# HG changeset patch
# User Dumitru Erhan <dumitru.erhan@gmail.com>
# Date 1264390469 18000
# Node ID bcc87d3e33a342a42a0469e6ad95002663b135f7
# Parent  0fda55a7de99c9b08ce0f36acd56b9f00f2d857c
adding latest tutorial code

diff -r 0fda55a7de99 -r bcc87d3e33a3 code_tutoriel/logistic_cg.py
--- a/code_tutoriel/logistic_cg.py	Sun Jan 24 22:33:33 2010 -0500
+++ /dev/null	Thu Jan 01 00:00:00 1970 +0000
@@ -1,282 +0,0 @@
-"""
-This tutorial introduces logistic regression using Theano and conjugate 
-gradient descent.  
-
-Logistic regression is a probabilistic, linear classifier. It is parametrized
-by a weight matrix :math:`W` and a bias vector :math:`b`. Classification is
-done by projecting data points onto a set of hyperplanes, the distance to
-which is used to determine a class membership probability. 
-
-Mathematically, this can be written as:
-
-.. math::
-  P(Y=i|x, W,b) &= softmax_i(W x + b) \\
-                &= \frac {e^{W_i x + b_i}} {\sum_j e^{W_j x + b_j}}
-
-
-The output of the model or prediction is then done by taking the argmax of 
-the vector whose i'th element is P(Y=i|x).
-
-.. math::
-
-  y_{pred} = argmax_i P(Y=i|x,W,b)
-
-
-This tutorial presents a stochastic gradient descent optimization method 
-suitable for large datasets, and a conjugate gradient optimization method 
-that is suitable for smaller datasets.
-
-
-References:
-
-   - textbooks: "Pattern Recognition and Machine Learning" - 
-                 Christopher M. Bishop, section 4.3.2
-
-
-"""
-__docformat__ = 'restructedtext en'
-
-
-import numpy, cPickle, gzip
-
-import time
-
-import theano
-import theano.tensor as T
-import theano.tensor.nnet
-
-
-class LogisticRegression(object):
-    """Multi-class Logistic Regression Class
-
-    The logistic regression is fully described by a weight matrix :math:`W` 
-    and bias vector :math:`b`. Classification is done by projecting data 
-    points onto a set of hyperplanes, the distance to which is used to 
-    determine a class membership probability. 
-    """
-
-
-
-
-    def __init__(self, input, n_in, n_out):
-        """ Initialize the parameters of the logistic regression
-
-        :param input: symbolic variable that describes the input of the 
-        architecture ( one minibatch)
-
-        :param n_in: number of input units, the dimension of the space in 
-        which the datapoint lies
-
-        :param n_out: number of output units, the dimension of the space in 
-        which the target lies
-
-        """ 
-
-        # initialize theta = (W,b) with 0s; W gets the shape (n_in, n_out), 
-        # while b is a vector of n_out elements, making theta a vector of
-        # n_in*n_out + n_out elements
-        self.theta = theano.shared( value = numpy.zeros(n_in*n_out+n_out) )
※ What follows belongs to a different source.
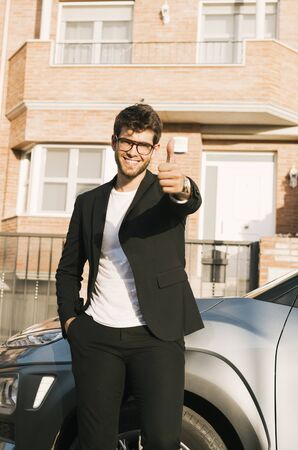 Close-up of attractive young man with beard and glasses in suit says ok with his hand to the camera.の写真素材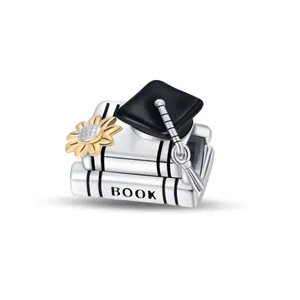Macro detail of graduation charm featuring black academic cap and yellow sunflower on books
-        # W is represented by the fisr n_in*n_out elements of theta
-        self.W = self.theta[0:n_in*n_out].reshape((n_in,n_out))
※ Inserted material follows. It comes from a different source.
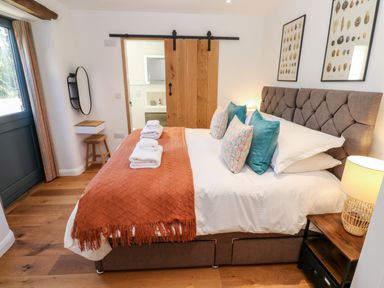 A bedroom with a bed with pillows and folded towels and a bedside table lamp at Carines Barns - Pol in Cubert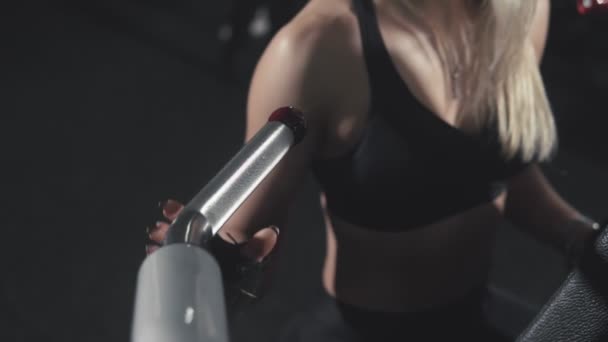 Close up de menina loira em terno esporte treinando seus braços em simulador de esportes — Vídeo de Stock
-        # b is the rest (last n_out elements)
-        self.b = self.theta[n_in*n_out:n_in*n_out+n_out]
-
-
-        # compute vector of class-membership probabilities in symbolic form
-        self.p_y_given_x = T.nnet.softmax(T.dot(input, self.W)+self.b)
-
-        # compute prediction as class whose probability is maximal in 
-        # symbolic form
-        self.y_pred=T.argmax(self.p_y_given_x, axis=1)
-
-
-
-
-
-    def negative_log_likelihood(self, y):
-        """Return the negative log-likelihood of the prediction of this model
-        under a given target distribution.  
-
-        .. math::
-
-            \frac{1}{|\mathcal{D}|}\mathcal{L} (\theta=\{W,b\}, \mathcal{D}) = 
-            \frac{1}{|\mathcal{D}|}\sum_{i=0}^{|\mathcal{D}|} \log(P(Y=y^{(i)}|x^{(i)}, W,b)) \\
-                \ell (\theta=\{W,b\}, \mathcal{D}) 
-
-
-        :param y: corresponds to a vector that gives for each example the
-        :correct label
-        """
-        return -T.mean(T.log(self.p_y_given_x)[T.arange(y.shape[0]),y])
-
-
-
-
-
-    def errors(self, y):
-        """Return a float representing the number of errors in the minibatch 
-        over the total number of examples of the minibatch 
-        """
-
-        # check if y has same dimension of y_pred 
-        if y.ndim != self.y_pred.ndim:
-            raise TypeError('y should have the same shape as self.y_pred', 
-                ('y', target.type, 'y_pred', self.y_pred.type))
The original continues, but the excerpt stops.